The Group “J,K&L” represented for me the real classic vintage racers with lots of specials, one-off and other classic historic cars representing the spirit of Vintage racing. The group “J” cars included Bugatti and Austin, the Group “K” cars Ford Special and even an Alvis, the “L” group had the biggest collection with a number of MG TC racers and specials, a couple Coopers, a Riley or 2, a Ford Zephyr, a Simca Special, Elfin Streamliners, etc. etc. etc. Fantastic group of real race cars- fun for all!
The final group of “Sc” Production Sports cars managed their own race simply because of the overwhelming turn out of these cars. The under 2 liter class was dominated by Alfa Romeo GTV’s of one type or another, the under 3 liter class was by far mostly Porsche 911’s with a Ferrari or 2 included to keep everyone on their toes. The Under 5 liter group saw a few MGB GT V8 mix it up with BMW CS Coupe and a Ferrari 365 GTC4. The over 5 liter group of ground ponders saw a typical Chevy vs Ford contest with the Corvettes taking on the De Tomaso Pantera contingent. You had to see this race to believe!
The format of the race week-end was indeed very exciting! The real spectator part of the event took place on Saturday and Sunday, but Thursday was a test day for first timers to this track and Friday was formal practice and qualifying. The track time on Thursday seemed more than adequate and with the 2 sessions on the track on Friday it was easy to be ready for the races over the week-end. Now you might think that with 50 car grids and 575+ entrants that racer within you would be disappointed but reality it is far from it. The format consists of 2 races per day per group for a total of 22 races on the track each day. And you might also argue that the format of a 6 lap race left something to be desired until you understand the fantastic thrill of the normal standing start system used most commonly in Australia. Not only does it provide great show for the spectators but the adrenaline rush from a driver’s perspective and imperative that results from only have 6 laps makes for great racing.
I forgot to mention that in 2011 the event was shortlisted in the top 6 contenders for the Historic Motor Sport event of the year by the UK magazine Octane. So should you make an effort to go- for sure, even as a spectator it is worth it!
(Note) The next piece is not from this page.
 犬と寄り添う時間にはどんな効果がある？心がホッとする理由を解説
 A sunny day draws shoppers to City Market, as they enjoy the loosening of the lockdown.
I was very fortunate to be able to be able to “arrive and drive” to this event. I simply made a deal with a local guy that races a MG Midget and we agreed that I would come to Australia to race in an event or 2 and in return he would come to California and do the same in my Mini Cooper. You might consider this – it is a great way to have a great time and experience something new.